Los accidentados, temerosos, quisieron asegurarse la ayuda de Chiquiño.


-Oiga -le insinuó el dueño del vehículo. ¿Quiere acompañarnos hasta el paso?...


-Y… güeno, pero yo tengo que hacer… -titubeó, hipocritón, Chiquiño.


-Sí, hombre, si nos saca del “peludo” tendrá unos reales… -se apresuró a afirmar el hombre.


-Bueno, vayan yendo; yo los sigo de cerca…


La volanta partió pesadamente. En ella viajaba un médico, quien iba a asistir a la mujer del propietario.


La lluvia caía lentamente, enjabonando el camino, donde resbalaban los dos animales de la volanta. Látigo en mano y azuzando las bestias, el hombre que tenía su mujer en brazos de la muerte, descuidaba su persona, empapadas las ropas. El médico iba acurrucado y silencioso, envuelto en un grueso poncho. Observaba el camino con aire despreocupado.


De pronto, al vadear un zanjón, el vehículo quedó como clavado. En vano los dos caballos se empinaron a un tiempo, tocados por el látigo del conductor.


-¡Otra vez enterrados!... Oiga, hombre, acérquese…


Chiquiño, que había calculado con exactitud aquel percance, ya venía con los maneadores.


Chapaleando barro, pudieron colocar la cuarta, y, después de dar resuello a los animales, de un golpe, decididos, la emprendieron a gritos y latigazos. El caballo de Chiquil¡ño se despatarró, hociqueando en el lodo, cuando la volanta pudo librar sus ruedas traseras.


Desde los ranchos salieron algunos curiosos. Los chicos, chapaleando en el barro, sus ropas empapadas, corrieron hasta el alambrado, saltando en las charcas y dando victoriosos gritos destemplados.


Anochecía. Arreció la lluvia cuando el ciego salió de su pocilga, llevado de la mano por su lazarillo, un adolescente tuerto, que solamente servía pata compañarlo hasta el camino y dejarlo allí, al paso de los viandantes.


Con el ciego se acercaron al camino dos hombres de hosco mirar. Dos vagabundos que hacían el oficio de pantaneros sin darle importancia y eran ajenos a las intenciones futuras de Chiquiño.

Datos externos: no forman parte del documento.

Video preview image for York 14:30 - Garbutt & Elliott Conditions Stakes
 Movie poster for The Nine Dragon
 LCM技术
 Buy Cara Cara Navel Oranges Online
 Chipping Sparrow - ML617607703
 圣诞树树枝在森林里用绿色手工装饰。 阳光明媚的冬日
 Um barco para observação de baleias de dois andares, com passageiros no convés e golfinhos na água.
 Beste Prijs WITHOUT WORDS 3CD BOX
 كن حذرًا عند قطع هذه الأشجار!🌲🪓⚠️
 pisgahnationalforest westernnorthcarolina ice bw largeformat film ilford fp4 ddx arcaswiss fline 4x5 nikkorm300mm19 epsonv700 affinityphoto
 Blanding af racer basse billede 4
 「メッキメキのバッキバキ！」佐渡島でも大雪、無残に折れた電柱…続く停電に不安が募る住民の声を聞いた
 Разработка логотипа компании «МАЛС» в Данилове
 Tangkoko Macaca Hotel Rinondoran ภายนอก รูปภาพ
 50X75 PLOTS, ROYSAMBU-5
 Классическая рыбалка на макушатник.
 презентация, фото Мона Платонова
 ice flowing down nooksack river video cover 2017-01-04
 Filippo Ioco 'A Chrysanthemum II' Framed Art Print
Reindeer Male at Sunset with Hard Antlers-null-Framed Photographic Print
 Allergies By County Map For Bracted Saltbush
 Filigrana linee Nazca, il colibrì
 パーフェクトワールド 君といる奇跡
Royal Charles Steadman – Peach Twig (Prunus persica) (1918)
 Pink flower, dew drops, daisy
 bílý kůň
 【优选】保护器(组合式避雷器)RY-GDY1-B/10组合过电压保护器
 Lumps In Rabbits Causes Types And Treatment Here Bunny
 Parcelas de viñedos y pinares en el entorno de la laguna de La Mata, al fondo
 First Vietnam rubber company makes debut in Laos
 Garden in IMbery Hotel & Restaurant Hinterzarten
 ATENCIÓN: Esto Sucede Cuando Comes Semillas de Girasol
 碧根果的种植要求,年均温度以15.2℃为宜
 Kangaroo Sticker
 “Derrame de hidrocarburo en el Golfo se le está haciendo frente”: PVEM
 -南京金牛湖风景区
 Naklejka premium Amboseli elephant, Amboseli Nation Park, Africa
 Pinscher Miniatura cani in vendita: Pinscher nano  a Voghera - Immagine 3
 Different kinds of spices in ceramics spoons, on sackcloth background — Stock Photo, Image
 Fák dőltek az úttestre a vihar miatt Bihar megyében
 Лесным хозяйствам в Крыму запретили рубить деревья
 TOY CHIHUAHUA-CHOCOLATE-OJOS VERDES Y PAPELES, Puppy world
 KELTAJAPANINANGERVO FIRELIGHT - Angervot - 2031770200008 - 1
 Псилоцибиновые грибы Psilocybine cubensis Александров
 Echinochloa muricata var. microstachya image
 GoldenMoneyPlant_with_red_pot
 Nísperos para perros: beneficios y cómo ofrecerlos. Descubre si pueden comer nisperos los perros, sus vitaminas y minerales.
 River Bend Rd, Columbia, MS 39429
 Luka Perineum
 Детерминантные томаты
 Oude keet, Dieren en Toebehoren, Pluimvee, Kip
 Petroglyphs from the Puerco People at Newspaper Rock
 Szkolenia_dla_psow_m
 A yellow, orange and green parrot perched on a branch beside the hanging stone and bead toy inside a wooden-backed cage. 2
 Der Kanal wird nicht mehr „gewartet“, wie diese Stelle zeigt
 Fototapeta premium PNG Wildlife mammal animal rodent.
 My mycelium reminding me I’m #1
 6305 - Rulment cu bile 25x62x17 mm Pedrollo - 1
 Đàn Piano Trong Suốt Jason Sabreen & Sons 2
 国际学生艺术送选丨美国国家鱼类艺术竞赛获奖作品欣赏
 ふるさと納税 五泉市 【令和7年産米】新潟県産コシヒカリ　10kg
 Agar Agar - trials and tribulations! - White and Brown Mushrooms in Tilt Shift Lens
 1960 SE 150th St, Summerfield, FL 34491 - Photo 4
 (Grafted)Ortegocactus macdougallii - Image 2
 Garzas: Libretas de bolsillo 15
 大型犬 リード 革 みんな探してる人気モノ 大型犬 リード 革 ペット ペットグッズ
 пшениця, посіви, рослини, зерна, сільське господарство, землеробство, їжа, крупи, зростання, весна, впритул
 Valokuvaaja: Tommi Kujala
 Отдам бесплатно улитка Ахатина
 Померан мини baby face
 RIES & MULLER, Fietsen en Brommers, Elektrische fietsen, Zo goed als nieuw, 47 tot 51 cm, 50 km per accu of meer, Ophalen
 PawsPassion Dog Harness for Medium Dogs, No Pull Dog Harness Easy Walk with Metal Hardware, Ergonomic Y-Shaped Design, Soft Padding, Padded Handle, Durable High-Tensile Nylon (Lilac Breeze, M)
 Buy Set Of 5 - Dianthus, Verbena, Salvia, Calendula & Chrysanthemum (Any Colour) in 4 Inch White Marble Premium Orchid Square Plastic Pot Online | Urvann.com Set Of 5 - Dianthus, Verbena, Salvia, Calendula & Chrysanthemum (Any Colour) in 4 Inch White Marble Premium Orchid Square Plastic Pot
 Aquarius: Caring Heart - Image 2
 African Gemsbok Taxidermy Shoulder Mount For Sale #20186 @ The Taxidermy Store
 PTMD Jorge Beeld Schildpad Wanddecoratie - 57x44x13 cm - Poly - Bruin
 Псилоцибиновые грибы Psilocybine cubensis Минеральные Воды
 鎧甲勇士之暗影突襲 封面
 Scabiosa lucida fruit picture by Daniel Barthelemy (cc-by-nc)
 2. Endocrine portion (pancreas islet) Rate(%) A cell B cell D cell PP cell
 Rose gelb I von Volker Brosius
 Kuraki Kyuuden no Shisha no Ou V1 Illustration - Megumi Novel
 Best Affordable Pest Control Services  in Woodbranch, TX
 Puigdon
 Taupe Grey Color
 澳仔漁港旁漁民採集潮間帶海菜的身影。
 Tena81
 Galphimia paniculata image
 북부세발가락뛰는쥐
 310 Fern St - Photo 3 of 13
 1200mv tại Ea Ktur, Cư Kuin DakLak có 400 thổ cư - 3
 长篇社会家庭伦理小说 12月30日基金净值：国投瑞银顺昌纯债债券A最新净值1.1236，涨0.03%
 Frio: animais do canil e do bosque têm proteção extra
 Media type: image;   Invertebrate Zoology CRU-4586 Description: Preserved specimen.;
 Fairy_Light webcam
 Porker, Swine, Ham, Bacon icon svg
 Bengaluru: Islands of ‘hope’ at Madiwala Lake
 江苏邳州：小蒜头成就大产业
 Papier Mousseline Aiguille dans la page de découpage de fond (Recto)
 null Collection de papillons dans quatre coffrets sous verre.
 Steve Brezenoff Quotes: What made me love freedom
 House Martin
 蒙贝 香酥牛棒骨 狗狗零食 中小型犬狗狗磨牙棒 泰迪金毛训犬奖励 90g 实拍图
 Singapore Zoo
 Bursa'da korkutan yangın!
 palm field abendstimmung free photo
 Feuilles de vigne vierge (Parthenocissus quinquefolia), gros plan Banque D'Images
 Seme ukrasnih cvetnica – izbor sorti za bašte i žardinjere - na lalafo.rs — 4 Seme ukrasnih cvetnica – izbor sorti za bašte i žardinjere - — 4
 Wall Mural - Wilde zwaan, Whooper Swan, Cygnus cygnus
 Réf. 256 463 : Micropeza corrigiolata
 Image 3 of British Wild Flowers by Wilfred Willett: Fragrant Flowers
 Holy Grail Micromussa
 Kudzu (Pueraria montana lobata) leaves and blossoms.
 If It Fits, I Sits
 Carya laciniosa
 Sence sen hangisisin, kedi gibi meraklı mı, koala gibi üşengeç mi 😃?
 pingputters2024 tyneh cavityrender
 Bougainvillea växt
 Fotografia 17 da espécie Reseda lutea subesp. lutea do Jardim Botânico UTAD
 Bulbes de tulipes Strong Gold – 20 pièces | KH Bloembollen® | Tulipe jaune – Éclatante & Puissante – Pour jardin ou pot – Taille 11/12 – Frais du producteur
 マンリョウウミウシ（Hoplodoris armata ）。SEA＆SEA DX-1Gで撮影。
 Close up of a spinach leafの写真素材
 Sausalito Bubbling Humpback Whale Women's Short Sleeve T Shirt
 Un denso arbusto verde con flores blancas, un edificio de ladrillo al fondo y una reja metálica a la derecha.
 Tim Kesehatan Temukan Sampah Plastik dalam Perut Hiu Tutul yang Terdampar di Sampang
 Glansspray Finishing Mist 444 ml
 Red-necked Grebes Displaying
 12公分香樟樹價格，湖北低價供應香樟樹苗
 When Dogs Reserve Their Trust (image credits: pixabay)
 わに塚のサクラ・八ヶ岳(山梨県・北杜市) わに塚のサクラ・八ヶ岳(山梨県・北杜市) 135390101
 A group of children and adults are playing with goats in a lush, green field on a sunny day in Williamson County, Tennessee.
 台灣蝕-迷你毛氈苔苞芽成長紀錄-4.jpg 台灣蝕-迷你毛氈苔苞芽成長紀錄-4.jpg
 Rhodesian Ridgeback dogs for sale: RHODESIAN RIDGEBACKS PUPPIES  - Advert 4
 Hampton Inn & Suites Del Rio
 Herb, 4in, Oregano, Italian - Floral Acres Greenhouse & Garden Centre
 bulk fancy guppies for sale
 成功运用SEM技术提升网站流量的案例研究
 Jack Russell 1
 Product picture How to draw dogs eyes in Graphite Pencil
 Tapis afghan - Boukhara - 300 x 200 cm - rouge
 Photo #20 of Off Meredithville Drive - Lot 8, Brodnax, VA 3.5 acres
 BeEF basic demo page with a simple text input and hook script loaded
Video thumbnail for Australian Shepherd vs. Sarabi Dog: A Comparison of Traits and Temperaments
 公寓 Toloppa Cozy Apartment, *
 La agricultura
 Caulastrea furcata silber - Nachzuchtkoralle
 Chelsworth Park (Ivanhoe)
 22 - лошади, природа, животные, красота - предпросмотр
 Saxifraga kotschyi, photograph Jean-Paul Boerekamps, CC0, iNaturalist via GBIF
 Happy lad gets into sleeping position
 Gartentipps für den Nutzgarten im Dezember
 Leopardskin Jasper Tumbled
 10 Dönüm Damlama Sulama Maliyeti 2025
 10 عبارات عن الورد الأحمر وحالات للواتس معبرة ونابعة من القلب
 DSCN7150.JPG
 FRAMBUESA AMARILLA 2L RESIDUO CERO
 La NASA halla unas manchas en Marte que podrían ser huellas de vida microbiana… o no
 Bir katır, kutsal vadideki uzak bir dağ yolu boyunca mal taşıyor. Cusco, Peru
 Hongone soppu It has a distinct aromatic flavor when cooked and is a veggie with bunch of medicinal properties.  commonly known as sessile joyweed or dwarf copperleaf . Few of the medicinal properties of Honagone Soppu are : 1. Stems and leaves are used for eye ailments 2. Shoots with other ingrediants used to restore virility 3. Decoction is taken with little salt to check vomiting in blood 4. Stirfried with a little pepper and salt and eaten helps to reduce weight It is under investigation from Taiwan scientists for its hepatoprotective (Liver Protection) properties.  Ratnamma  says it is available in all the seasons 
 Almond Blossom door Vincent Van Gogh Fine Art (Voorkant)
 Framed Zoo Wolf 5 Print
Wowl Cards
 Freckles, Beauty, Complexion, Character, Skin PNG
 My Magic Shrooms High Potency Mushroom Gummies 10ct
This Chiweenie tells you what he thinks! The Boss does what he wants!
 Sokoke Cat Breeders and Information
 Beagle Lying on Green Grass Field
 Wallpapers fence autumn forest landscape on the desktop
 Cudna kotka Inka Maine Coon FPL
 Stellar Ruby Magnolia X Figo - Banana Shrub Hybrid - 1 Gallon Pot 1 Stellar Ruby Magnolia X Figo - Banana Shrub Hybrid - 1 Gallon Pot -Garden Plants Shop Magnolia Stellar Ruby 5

-¿Quiere que siga tirando?


-No; mejor es desatar -opinó nervioso el hombre que tenía a su compañera enferma-. Vamos más ligeros solos… -agregó.


Mientras Chiquiño desataba el maneador, el médico y el patrón subieron a la volanta. La lluvia seguía cayendo copiosamente. Los “gurises”, en harapos, olvidaban el frío y la lluvia, subidos a los postes del enclenque alambrado. El cielo oscuro precipitaba a la tarde y hacía más cercana la noche. El monte, a pocos pasos, trazaba una línea verde oscura, de este a oeste. Más parecía un nubarrón que un monte. Lejos, sobre el campo verde y empastado, los novillos manchaban el difuso paisaje neblinoso. El rosario de pantanos, paralelo a las vías del tren, se hundía en el paso de Itapebí, para transformarse en la otra orilla en un camino de piedra. Tal como si el agua del arroyo hubiese lavado el barro del camino en el paso de agua limpia que ofrecía el monte.


Chiquiño, cuando el hombre que tenía a su compañera enferma, puso dos papeles de un peso y unas monedas en su mano tendida, se dijo para sí:


-Esta chacra de barro va a producir mucho más que la de los gringos.



Chiquiño, bajo el aguacero, regresó a su covacha, donde el agua era un huésped inesperado.